200ml extra virgin olive oil

200g caster sugar

4 eggs

2 tablespoons of yuzu juice

125g self raising flour (I have also used white spelt and then a teaspoon of baking powder)

125g ground almonds

1 teaspoon of bicarbonate

250g courgettes – grated and put in a sieve for a bit then squeezed to get moisture out (there won’t be a lot)

pinch of salt

Icing

One and a half tablespoons of icing sugar

250g cream cheese

1 tablespoon of yuzu juice

Method

Oven to 180C. Put muffin cases in a muffin tray (I have a 12 hole one and then a 6 hole one, or you could make these in stages).

Beat together the 200ml of extra virgin oil and the 200g of caster sugar for about two minutes with an electric mixer (whisk attachment). You want it to have thickened. Then add the four eggs, one at a time, the two tablespoons of yuzu juice, the 125g self raising flour (or spelt and baking powder), 125g ground almonds, 1 tsp of bicarb and a pinch of salt, then finally the courgettes.

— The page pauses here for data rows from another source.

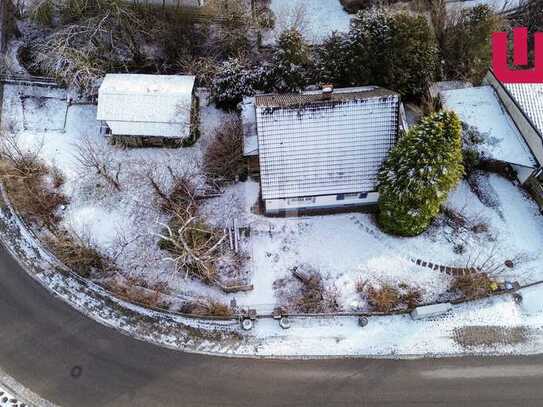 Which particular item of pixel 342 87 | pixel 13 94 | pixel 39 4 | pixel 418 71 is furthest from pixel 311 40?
pixel 13 94

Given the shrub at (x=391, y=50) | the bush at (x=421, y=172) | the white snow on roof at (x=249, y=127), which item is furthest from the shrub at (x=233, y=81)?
the bush at (x=421, y=172)

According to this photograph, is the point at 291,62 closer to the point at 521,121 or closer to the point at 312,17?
the point at 312,17

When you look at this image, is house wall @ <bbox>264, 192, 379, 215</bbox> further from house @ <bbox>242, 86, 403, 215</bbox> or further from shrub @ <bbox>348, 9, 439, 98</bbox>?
shrub @ <bbox>348, 9, 439, 98</bbox>

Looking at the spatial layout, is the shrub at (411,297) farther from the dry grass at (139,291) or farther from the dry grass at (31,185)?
the dry grass at (31,185)

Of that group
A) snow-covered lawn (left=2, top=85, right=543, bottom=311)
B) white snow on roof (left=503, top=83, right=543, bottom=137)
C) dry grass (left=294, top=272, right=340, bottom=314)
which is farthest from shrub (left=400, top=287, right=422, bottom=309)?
white snow on roof (left=503, top=83, right=543, bottom=137)

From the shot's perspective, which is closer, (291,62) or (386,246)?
(386,246)

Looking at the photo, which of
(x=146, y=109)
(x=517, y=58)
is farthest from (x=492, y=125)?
(x=146, y=109) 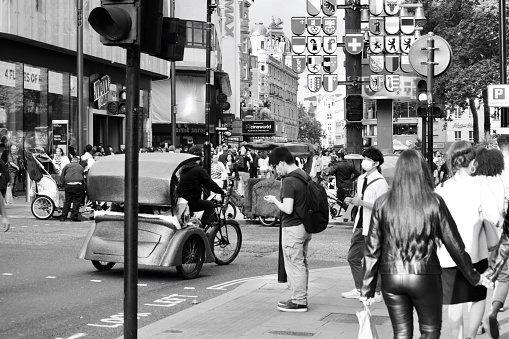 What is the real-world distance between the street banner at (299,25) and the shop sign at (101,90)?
17621 mm

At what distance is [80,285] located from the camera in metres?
11.2

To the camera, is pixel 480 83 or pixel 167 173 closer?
pixel 167 173

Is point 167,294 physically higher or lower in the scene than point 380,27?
lower

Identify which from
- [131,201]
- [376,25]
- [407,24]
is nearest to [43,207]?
[376,25]

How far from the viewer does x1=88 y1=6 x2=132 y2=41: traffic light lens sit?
5.96 m

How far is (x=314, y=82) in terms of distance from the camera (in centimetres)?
2458

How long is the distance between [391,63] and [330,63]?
3916 mm

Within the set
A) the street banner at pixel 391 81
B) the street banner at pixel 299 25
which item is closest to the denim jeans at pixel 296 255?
the street banner at pixel 299 25

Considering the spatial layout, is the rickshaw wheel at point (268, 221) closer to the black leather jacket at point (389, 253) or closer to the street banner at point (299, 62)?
the street banner at point (299, 62)

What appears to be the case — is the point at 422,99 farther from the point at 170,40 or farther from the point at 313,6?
the point at 313,6

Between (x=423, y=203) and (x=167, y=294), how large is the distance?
19.1ft

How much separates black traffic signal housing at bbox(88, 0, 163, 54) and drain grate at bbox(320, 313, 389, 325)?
3665 millimetres

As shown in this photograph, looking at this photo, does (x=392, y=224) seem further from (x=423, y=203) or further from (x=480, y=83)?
(x=480, y=83)

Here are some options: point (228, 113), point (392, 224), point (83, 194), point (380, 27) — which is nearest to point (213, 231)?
point (392, 224) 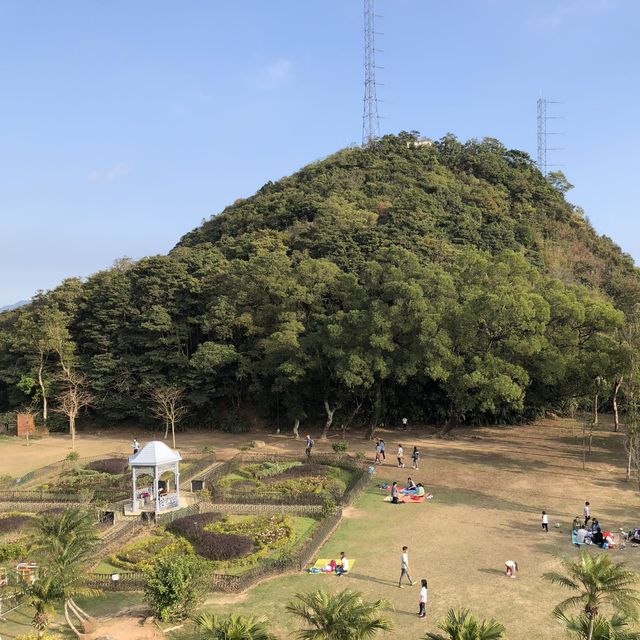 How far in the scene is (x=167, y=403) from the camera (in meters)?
43.6

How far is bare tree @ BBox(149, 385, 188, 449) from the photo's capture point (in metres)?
41.6

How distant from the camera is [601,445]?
35.4 m

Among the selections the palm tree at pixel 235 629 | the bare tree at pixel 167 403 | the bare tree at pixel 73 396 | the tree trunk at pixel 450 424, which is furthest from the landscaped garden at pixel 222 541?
the bare tree at pixel 73 396

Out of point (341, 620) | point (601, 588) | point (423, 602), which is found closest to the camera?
point (341, 620)

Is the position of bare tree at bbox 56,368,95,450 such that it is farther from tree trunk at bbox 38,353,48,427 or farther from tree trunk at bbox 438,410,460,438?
tree trunk at bbox 438,410,460,438

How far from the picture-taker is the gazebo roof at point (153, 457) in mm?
25094

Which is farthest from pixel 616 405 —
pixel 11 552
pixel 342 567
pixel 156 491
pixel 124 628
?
pixel 11 552

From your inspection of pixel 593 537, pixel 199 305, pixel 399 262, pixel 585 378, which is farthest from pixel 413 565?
pixel 199 305

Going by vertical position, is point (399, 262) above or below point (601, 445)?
above

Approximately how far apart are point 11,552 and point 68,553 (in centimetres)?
780

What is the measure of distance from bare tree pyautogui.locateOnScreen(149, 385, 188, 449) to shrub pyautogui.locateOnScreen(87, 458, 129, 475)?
6.94m

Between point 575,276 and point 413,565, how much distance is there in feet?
173

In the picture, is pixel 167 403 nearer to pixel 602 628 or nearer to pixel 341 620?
pixel 341 620

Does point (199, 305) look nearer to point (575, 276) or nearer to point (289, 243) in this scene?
point (289, 243) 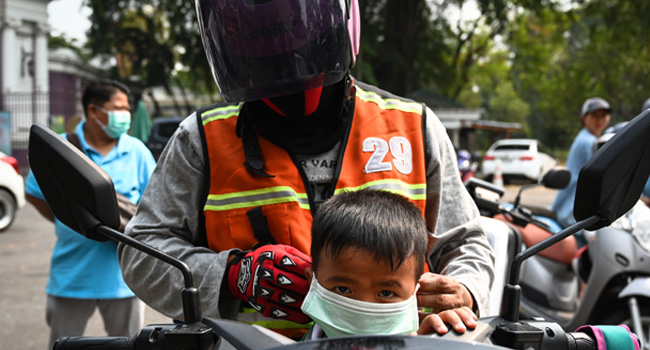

Spoon carefully into the muffin cases and cook for about 25 minutes. It’s quite hard to see if they are cooked as these are a moist cake, but press down and there should be som resistance. If not cook for a few minutes more.

When completely cool, mix together the cream cheese and icing sugar (just with a fork or spoon it should take seconds) and yuzu juice and top each cup cake with icing.

Store in the fridge and enjoy one a day! I don’t have any pics yet as I am both greedy and lazy but will remedy this soon.

Bakewell slices (for a picnic, updated)

I first wrote about these back in 2010. I haven’t made them for years. I used to bake Bakewell tart a lot and I thought I didn’t like it anymore. But it’s late September, our government is currently shit, I can’t escape to Italy as Mussolini is basically back in power and the news is too much.

So in order to escape I got up early to make these for a craft morning tomorrow (which is mine and my youngest’s way of escaping the world).

The pastry:

200g plain flour
2 tablespoons icing sugar
100g cold unsalted butter, cubed
2 egg yolks if you want to be true to the recipe but I now just use one egg

I whizz the flour, sugar and butter in a food processor, then add the egg until it all comes together. You can do it with your hands too of course.

I never roll out pastry. Life is too damn short. It’s not too short to make your own pastry though cos shop bought really isn’t the same and how long does it take to weigh out a few ingredients and slam them in a gadget?

When it’s blended, I just take bits of the pastry and flatten it out into the bottom of whatever tin I’m using, welding it all together with a thumb like a giant pastry jigsaw. I use a square tin that’s about 21cm. Line the bottom well with baking parchment, first though, if possible with some ‘overlap’ to help you lift it out when it’s done.

Then when you’ve covered the bottom of the tin with pastry in this piece meal (no gaps though) but completely acceptable fashion, chill the pastry for about half an hour (perfectly do-able to chill for longer of course).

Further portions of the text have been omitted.